Face à ceux qui voudraient faire croire que de Gaulle n’y était pour rien et qu’il fut appelé au pouvoir comme un nouveau Cincinnatus [Romain célèbre par sa simplicité ; consul puis deux fois dictateur, revint, selon la légende, à sa charrue après son triomphe] pour sauver le pays et la République contre les colonels et ultras comploteurs, il faut rétablir la vérité. Déjà, le 26 mars, le Comité central de notre Parti mettait en garde non seulement contre les attentats fascistes, mais encore contre les campagnes en faveur de De Gaulle [Voir pages 39 à 45 de la brochure La politique communiste éditée par le P.C.F. avant le XVI’ Congrès.
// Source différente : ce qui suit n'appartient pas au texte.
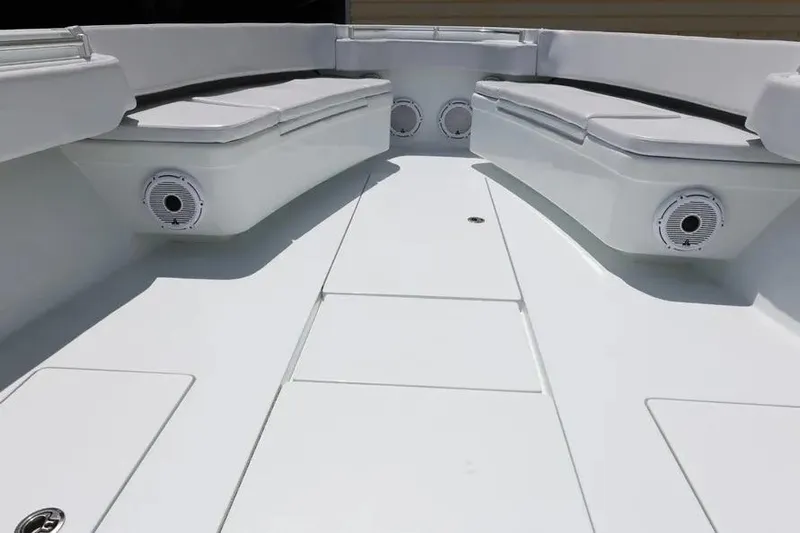  Yacht Photos Pics 2025 Contender 39 ST boat interior with cushioned seating and built-in speakers.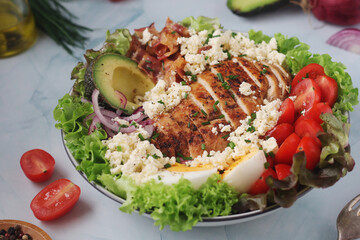 A bowl with cobb salad, traditional American dish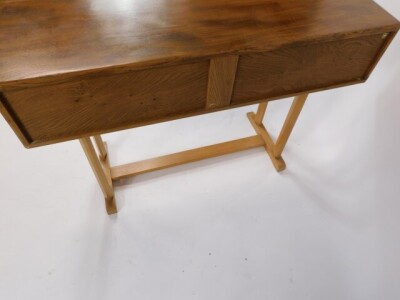 An Ercol blonde elm and beech side table, with two frieze drawers, raised on two pairs of chamfered supports, on an H frame base, 80cm high, 107cm wide, 45cm deep. - 5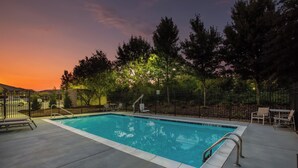 Ein rechteckiger Schwimmteich mit einer Metallleiter und einer gefliesten Poolterrasse rundherum.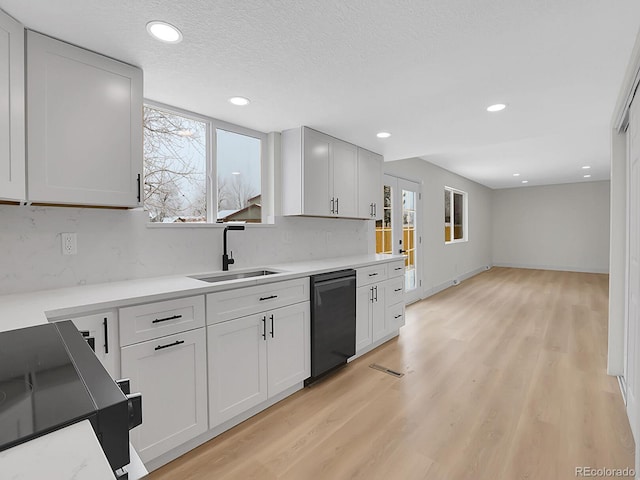 8694 E Eastman Ave, Denver, CO 80231 - kitchen with black dishwasher, a sink, backsplash, range, and light countertops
On y trouve aussi la réplique de Maurice Thorez à une attaque calomnieuse de Guy Mollet qui, pour empêcher — déjà — le front unique antifasciste avait assimilé les menées gaullistes à l’attitude de notre Parti !]. Sa résolution du 30 avril soulignait que :

la guerre d’Algérie favorise l’agressivité des ligues factieuses et alimente la campagne en faveur du pouvoir personnel.

[Page 51 de la même brochure.]

Quatre jours avant le 13 mai, dans son numéro paru le 9, Paris-Presse demandait à des personnalités politiques s’il fallait faire appel à de Gaulle. Pendant ce temps, ses agents, les Delbecque, les Kenwistes, etc., préparent le 13 mai à Alger. Après le 13 mai, Soustelle et Dronne les rejoignent. Et de Gaulle lui-même entre en scène à Paris dès le 15.

Deux questions se posent. La première est celle-ci : Pourquoi est-ce la faction gaulliste et non une autre qui l’emporta ? La réponse est évidente. Seul de Gaulle pouvait suffisamment tromper et désarmer les forces populaires grâce au rôle joué per lui pendant la guerre, rôle amplifié et embelli par une propagande sciemment organisée en vue de faire de lui le recours suprême de la bourgeoisie, comme elle avait fait après 1918 pour Pétain.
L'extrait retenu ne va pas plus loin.